Tuesday, August 18, 2009

The War of the Cheeses

Last week, we had a war of the cheeses-Mexico vs. Britain. J had dinner for the night and had promised mac & cheese. I was all geared up for traditional mac & cheese, one of my most favorite foods. However, J had made a pepper-heavy queso dip at the plant that day and wanted to try it out in the macaroni. So, I was very happy we'd picked up some cauliflower at the farmer's market that J wanted me to make with cheese sauce. I am all for queso, but only with tortilla chips and the pepper flavor was too strong entirely. We had smoked sausages on buns, the mac & cheese and my very traditional cauliflower cheese, which I adapted very slightly from Nigella Lawson's recipe. I think Britain won. Even J ate more of the cauliflower than the mac & cheese & she didn't save the mac & cheese leftovers when she cleaned out the fridge, saying, "No one really liked that." Here's what I did for the cauliflower, which I found delicious but rather soupy and think would be best made without the extra baking next time, just using the sauce over the cooked cauliflower.

Cauliflower Cheese
1 lg. head cauliflower (you could probably safely either double the cauliflower or halve the other ingredients)
2 bay leaves
1 stick butter
2 tsp. English mustard (I used a grainy beer mustard)
1/3 c. flour
2 c. milk
3 c. plus 1/2 c. shredded extra sharp cheddar
A great splash of worcestershire sauce
Another great splash, this one of beer
Cut cauliflower in florets.

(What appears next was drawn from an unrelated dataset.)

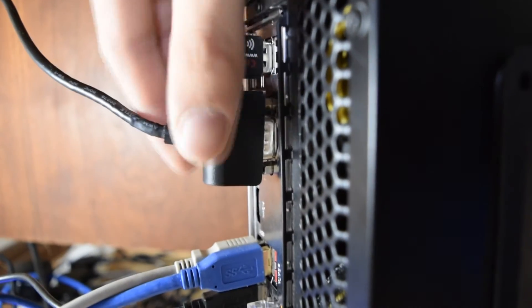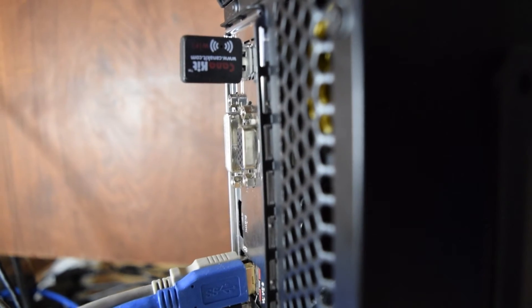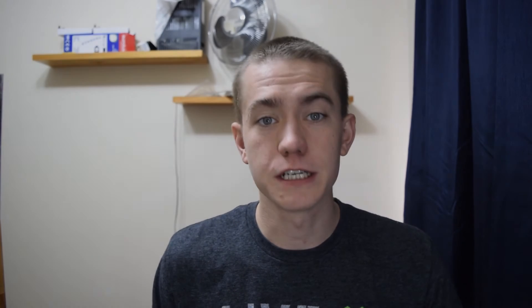So the simple solution to all of this is to simply unplug the monitor that's on the integrated graphics and run monitors only on the GPU itself. And that allows me — as you can see — now I have the option to be able to select a GPU renderer, and not only the software-only option on the Mercury Playback Engine.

Put in a pan with bay leaves and cover with cold water. Salt and bring to a boil. Drain and refresh with cold water. Put in 13x9 baking dish. Preheat oven to 425 degrees. Melt butter in a pan. Whisk in the mustard and flour. Cook on low for 5 minutes, stirring often. Remove from heat and whisk in milk. Return to heat and cook, stirring, until very thick and starting to bubble. Gradually add the 3 c. of cheese, stirring between each little handful to melt. Add worcestershire sauce and beer. Pour over cauliflower. Top with the 1/2 c. of cheese and bake 20 minutes. Serves 8-10.